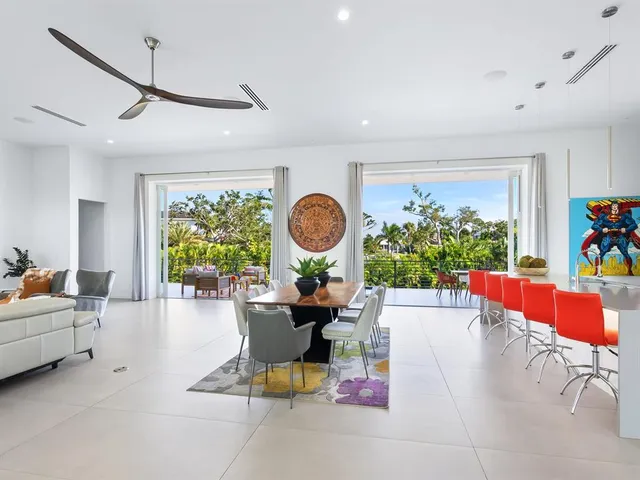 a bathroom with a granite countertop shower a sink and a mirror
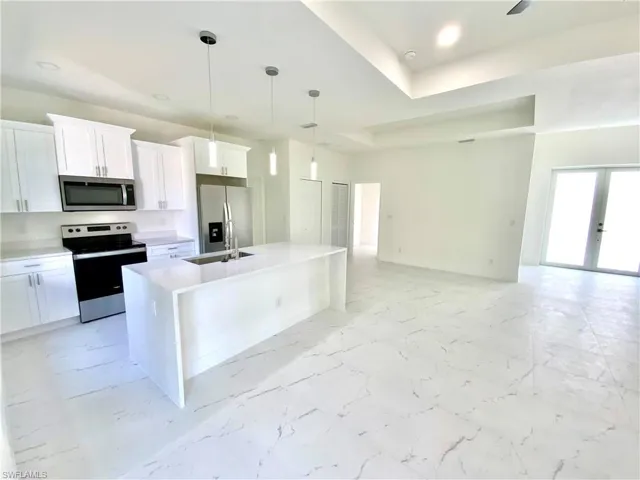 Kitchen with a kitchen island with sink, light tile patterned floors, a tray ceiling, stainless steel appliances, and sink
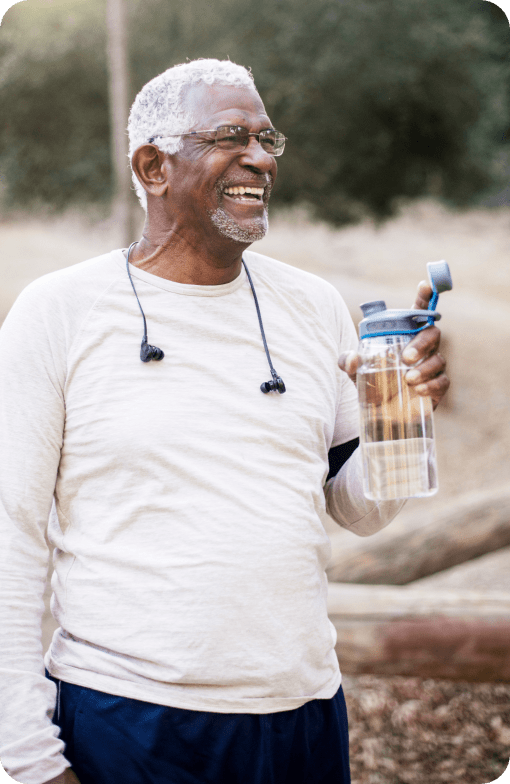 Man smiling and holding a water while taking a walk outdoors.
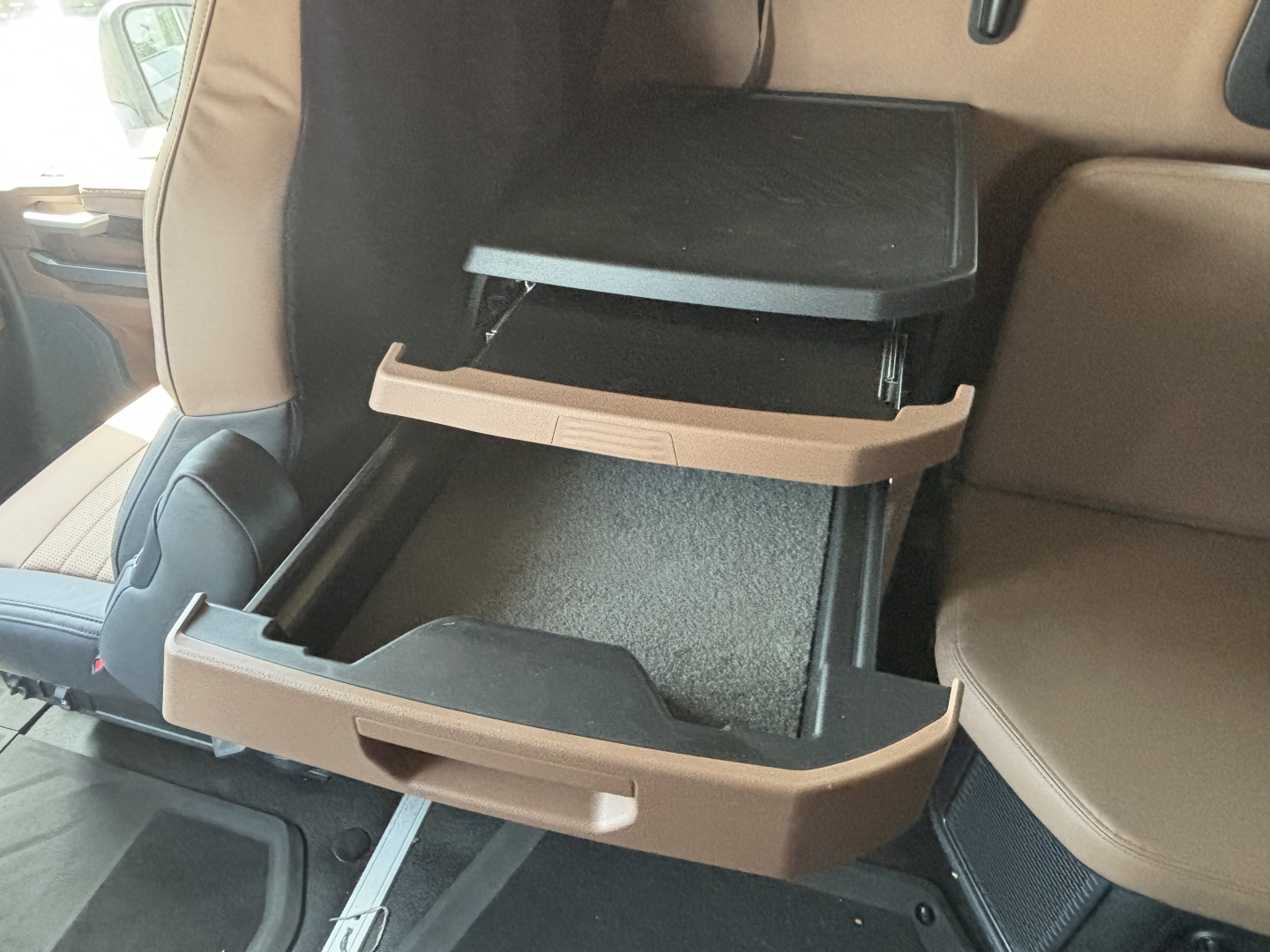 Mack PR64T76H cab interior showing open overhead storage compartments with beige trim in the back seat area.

Exercise brief: Set down word for word each line from the one containing "Man smiling and" through the end of the material, and keep the pictures out of it.

Task output:
 Man smiling and holding a water while taking a walk outdoors.
 Mack PR64T76H cab interior showing open overhead storage compartments with beige trim in the back seat area.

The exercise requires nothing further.